Suppose you prefer a text message to a letter.
Excellent. Your next assignment is to pare down his lobster essay for publication in Readers Digest.
Sorry, I am missing the point. You revised a long well written paragraph into a shorter boring one?
Why do you love to hate on DFW?
SFW
Color me unsure of what the point of this exercise was as well. This loses all feeling of atmosphere, of the emotion attached to the description. I understand DFW isn’t for everyone, but that doesn’t mean he isn’t for anyone.
I’ll remain silent about the purpose of this experiment, except to say this: Who says I hate DFW?
For
Here is the first paragraph of David Foster Wallace’s “Good People” rewritten:
substitute
I re-wrote the opening of David Foster Wallace’s “Good People”:
and for
DFW’s paragraph is 502 words. My revised paragraph is 107 words.
swap in
His was 502 words; mine, 107.
…
Fun!
I’m curious — did you first read the story online or in print? The layout of the print version is (to my mind) intended to be aesthetically pleasing — three long paragraphs on page one, almost like tapestries. However, that format also points out what could be taken as the story’s major flaws.
awesome work Ed. I always think of “it’s not writing it’s typing” when I read DFW? But try doing it for the first graph of *A Farewell to Arms*
Re: Who says I hate DFW?
I wouldn’t say you hate him but you do seem to bash him from time to time. Perhaps the following seems familiar:
While it breaks my heart to say it, I think Wallace is washed up.

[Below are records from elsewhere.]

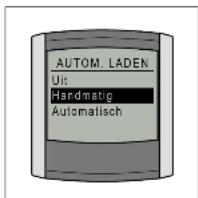 AUTOM. LADEN Uit: Handmatig Automatisch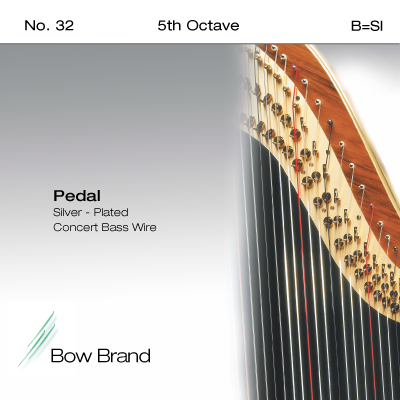 Bow Brand Pedal Wires Silver Plated PW-32B5S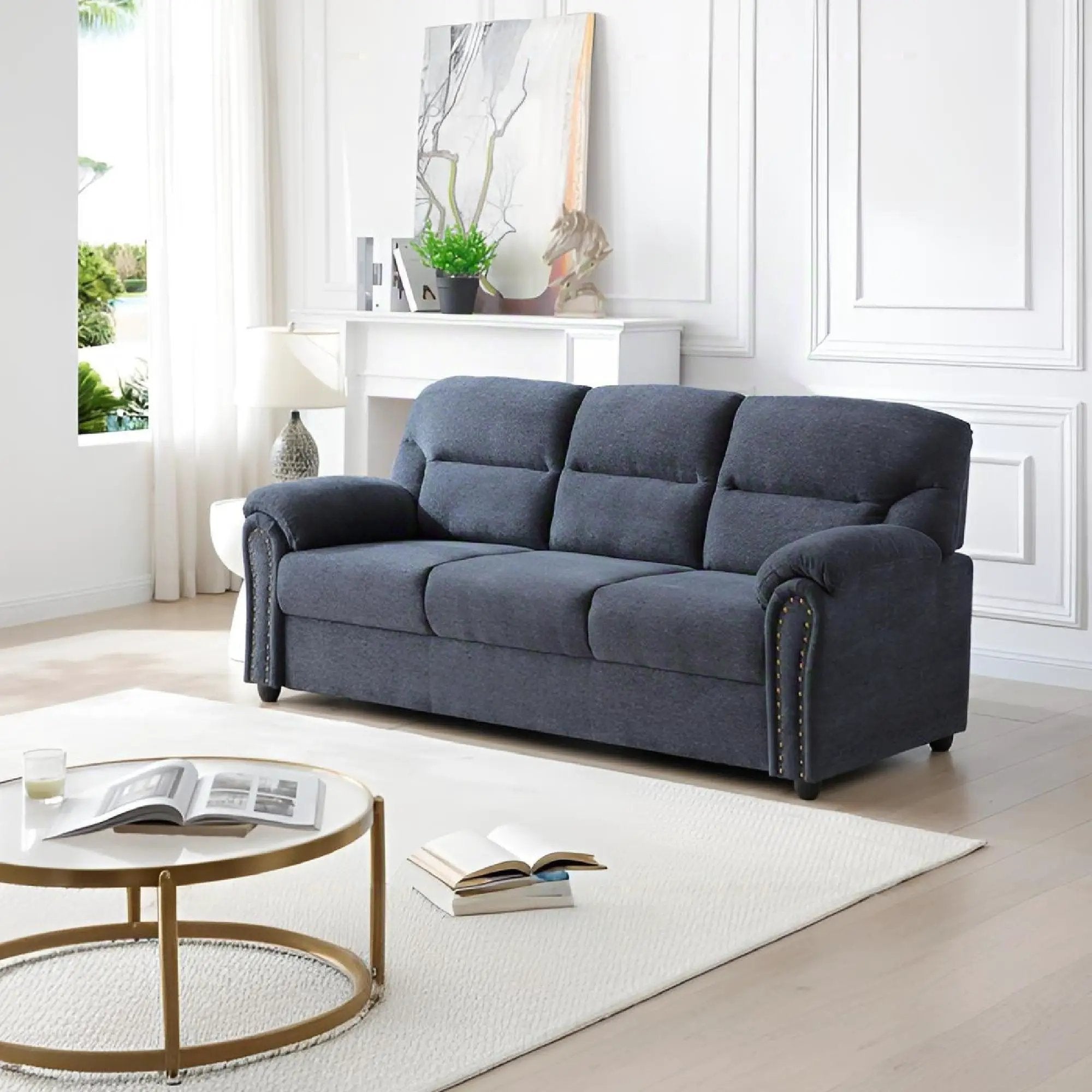 Hamilton - Sofa With Nailhead Trim by Unique Piece Furniture
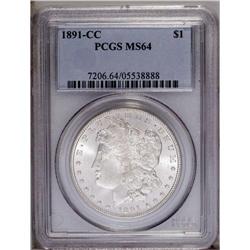 1891-CC S$1 MS64 PCGS. Although a few light abrasions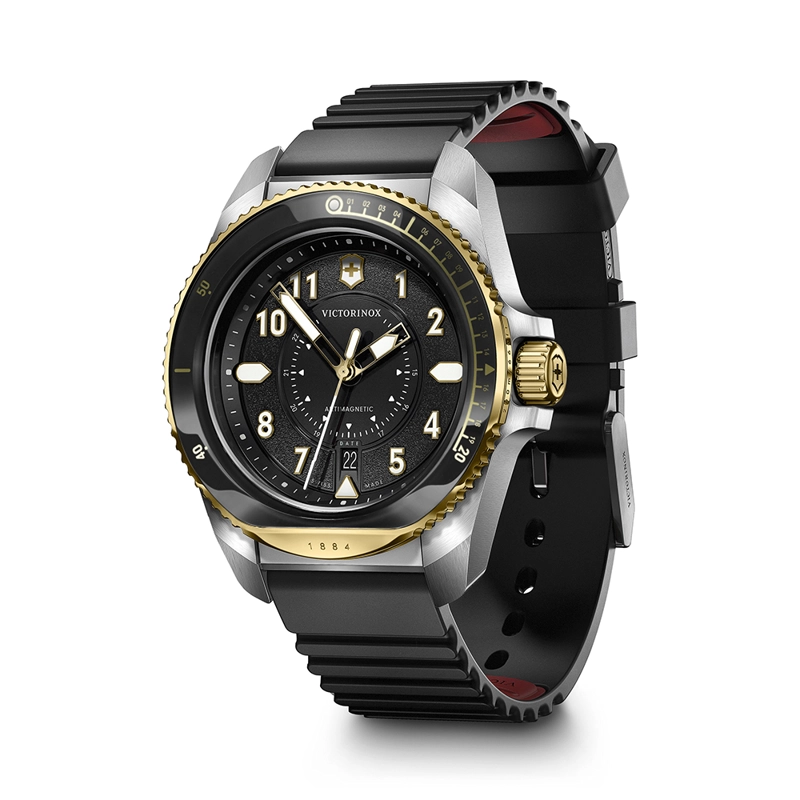 RELOJ DE PULSERA VICTORINOX JOURNEY 1884 CORREA CAUCHO DIAL NEGRO - 2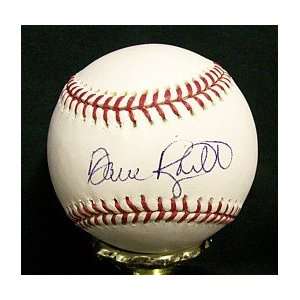 Dave Righetti Autographed Baseball   Autographed Baseballs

He could very well prove me wrong. But if he has nothing playful or interesting to contribute to the world of letters, I’d much prefer it if he threw in the towel and coasted on his past achievements, rather than writing work that sometimes reads and feels as dated and inconsequential as a 1997 episode of Seinfeld.
Also you once made this (in my opinion) ridiculous claim comparing DFW to MZD:
Well, I am here to tell you that I have discovered a man who can write David Foster Wallace under the table, if indeed a comparative summation between writing and drinking can be consummated.
I liked House of Leaves but it’s cleverness does not match up against the brilliance of Infinite Jest (obviously, again, my opinion).
Whether your feelings for Mr. Wallace fall foul, fair or just plain indifferent, I cannot comment upon. But I will say that his 502 words of prose—while convincing and even beautiful, themselves—paint a “picture” that is still and lifeless. ["...more like a picture than a man."] This was probably his intent. Each reader will make of it what they will.
Your 107 words succinctly convey the essence of the scene—with one all important distinction: While the words you chose may not fit together nearly so beautifully (imho), you describe something that may convincingly be thought of as “alive.” ["...more like a man than a picture."] I’d surmise this has something to do with “the purpose of this experiment.”
The success of one approach or the other all comes down to what an individual reader values more highly: beautifully described death (inanimateness), or coarsely described life.
Of course, certain combinations of the two yield the best results.